■ Description of the task
From the records below, output exactly the lines starting at the line with "CUTE LLAMA CARTOON CHARACTER FLAT ILLUSTRATION SET CUTE" and ending at the line with "オオメカマスの群れの上にはブラックフィンバラクーダの群れが! photo by", both of them included, but no pictures.

■ Data provided
----------------

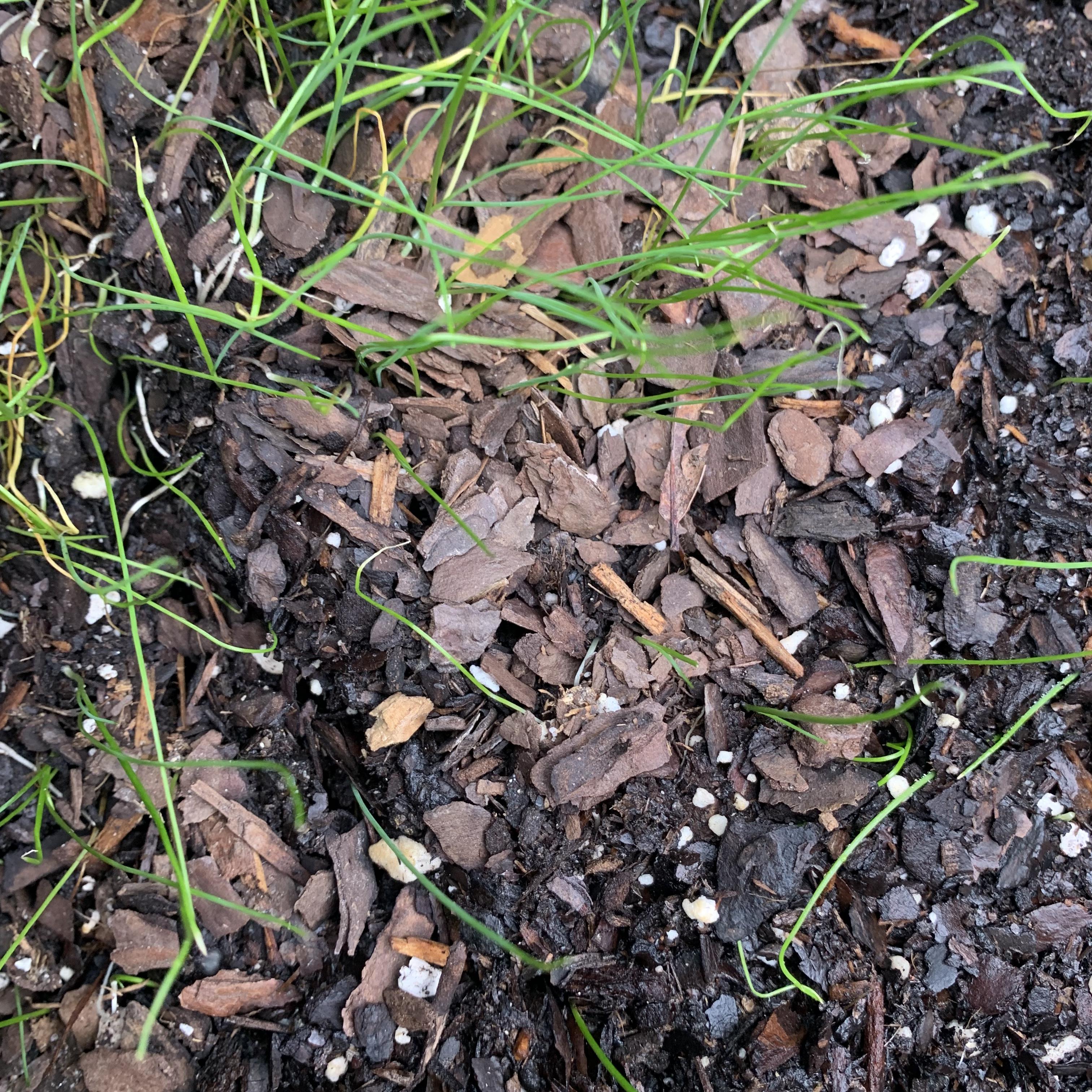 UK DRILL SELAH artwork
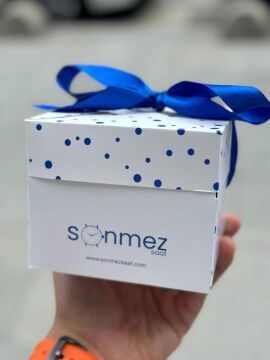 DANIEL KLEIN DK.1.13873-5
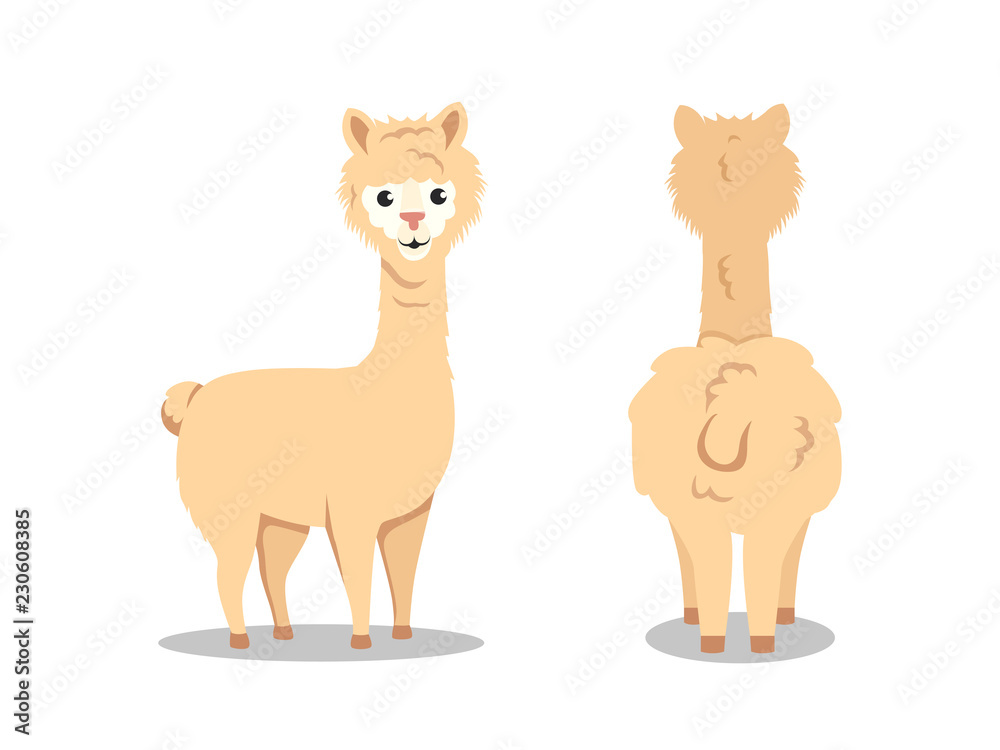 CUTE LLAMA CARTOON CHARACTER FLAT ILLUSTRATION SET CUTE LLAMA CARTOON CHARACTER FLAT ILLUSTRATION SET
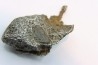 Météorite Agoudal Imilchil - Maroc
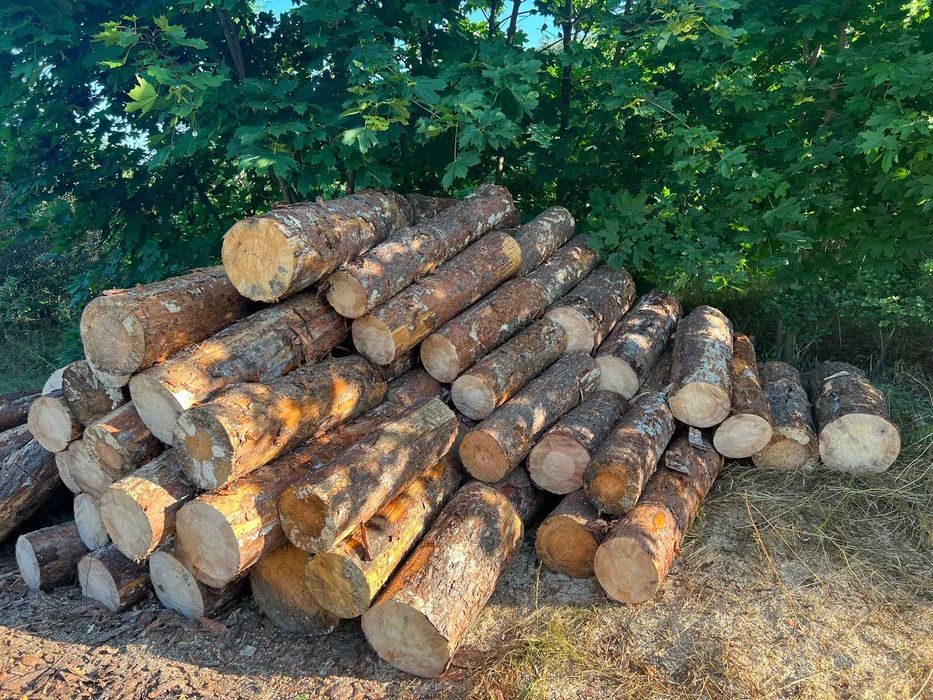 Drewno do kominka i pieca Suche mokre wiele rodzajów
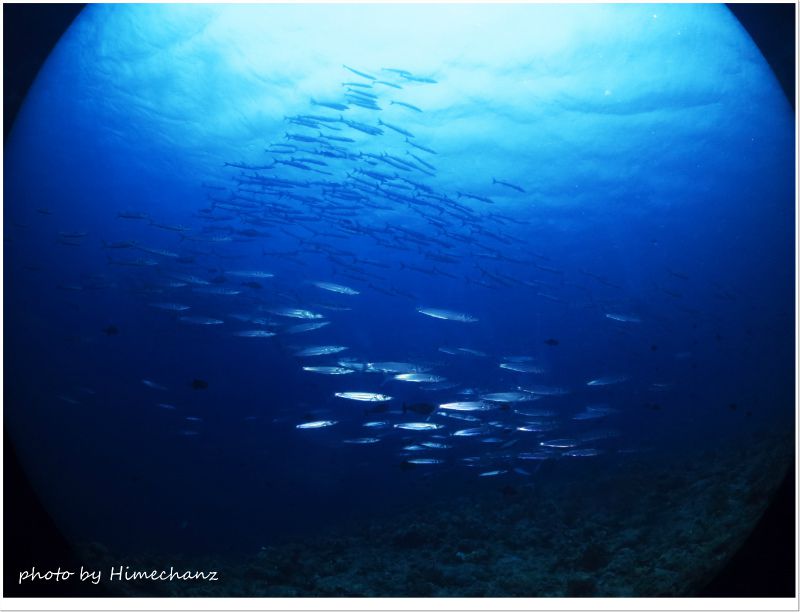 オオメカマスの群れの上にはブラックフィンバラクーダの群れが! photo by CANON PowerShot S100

----------------

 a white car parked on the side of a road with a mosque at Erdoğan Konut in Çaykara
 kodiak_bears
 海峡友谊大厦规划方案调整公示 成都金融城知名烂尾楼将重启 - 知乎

----------------

■ Response box
 CUTE LLAMA CARTOON CHARACTER FLAT ILLUSTRATION SET CUTE LLAMA CARTOON CHARACTER FLAT ILLUSTRATION SET
 Météorite Agoudal Imilchil - Maroc
 Drewno do kominka i pieca Suche mokre wiele rodzajów
 オオメカマスの群れの上にはブラックフィンバラクーダの群れが! photo by CANON PowerShot S100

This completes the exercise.